Maduro zwyciężył w wyborach prezydenckich w Wenezueli. "Wynik był z góry przesądzony"
Obecny lewicowy prezydent Wenezueli Nicolas Maduro zwyciężył w niedzielnych przyspieszonych wyborach prezydenckich - ogłosiła w niedzielę późnym wieczorem, czasu lokalnego Narodowa Rada Wyborcza (CNE). Jego rywale zapowiedzieli, że nie uznają wyniku wyborów.
Rada poinformowała, że po przeliczeniu wyników z 93 proc. lokali wyborczych Maduro uzyskał ok. 68 proc. głosów a jego najgroźniejszy rywal Henri Falcon - ok. 22 proc. Na Maduro oddało głosy 5,8 mln uprawnionych do głosowania a na Henri Falcona - 1,8 mln. Frekwencja przy urnach wyniosła 46,1 proc.
"Nie uznam wyniku wyborów"
Zwolennicy Maduro w stolicy kraju - Caracas powitali zwycięstwo ich kandydata tańcami na ulicach w pobliżu pałacu prezydenckiego Miraflores i odpalaniem ogni sztucznych.
Tymczasem Falcon oświadczył, że nie uzna wyniku wyborów ze względu na liczne nieprawidłowości w ich przeprowadzeniu.
Zaliczył do nich m. in. umieszczenie ponad 13 tys. punktów kolportujących prorządowe materiały propagandowe w pobliżu lokali wyborczych.
W rozmowie z dziennikarzami po zamknięciu lokali wyborczych Falcon oświadczył też, że jego szanse zmniejszył także apel opozycji bojkotu wyborów.
Opozycja wzywała do bojkotu
Opozycja wezwała do bojkotu ponieważ uważa - podobnie jak większość społeczeństwa - że wynik wyborów był z góry przesądzony na korzyść obecnego prezydenta.
Z tych samych powodów do powtórzenia głosowania wezwał inny kandydat do prezydentury pastor Javier Bertucci.

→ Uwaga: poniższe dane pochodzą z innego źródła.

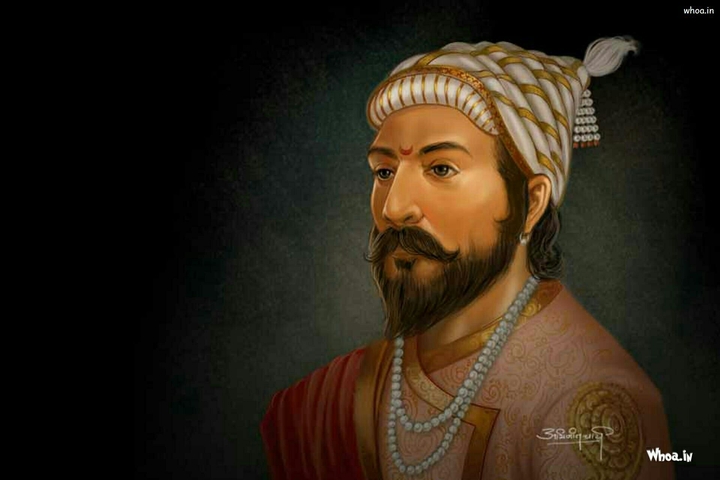 shivaji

Maduro odwoływał się głównie do swych zwolenników w najbiedniejszych okręgach wyborczych, które - jak pisze Reuters - pozostają bastionem rządu mimo szalejącej inflacji i coraz dotkliwszych braków rynkowych napędzających wielocyfrową inflację. Przed kamerami telewizji Maduro zapewniał, że "proces wyborczy pozwoli wkroczyć Wenezueli w etap stabilizacji politycznej".
Stany Zjednoczone, podobnie jak wiele innych krajów, uznały wybory w Wenezueli za nieprawomocne.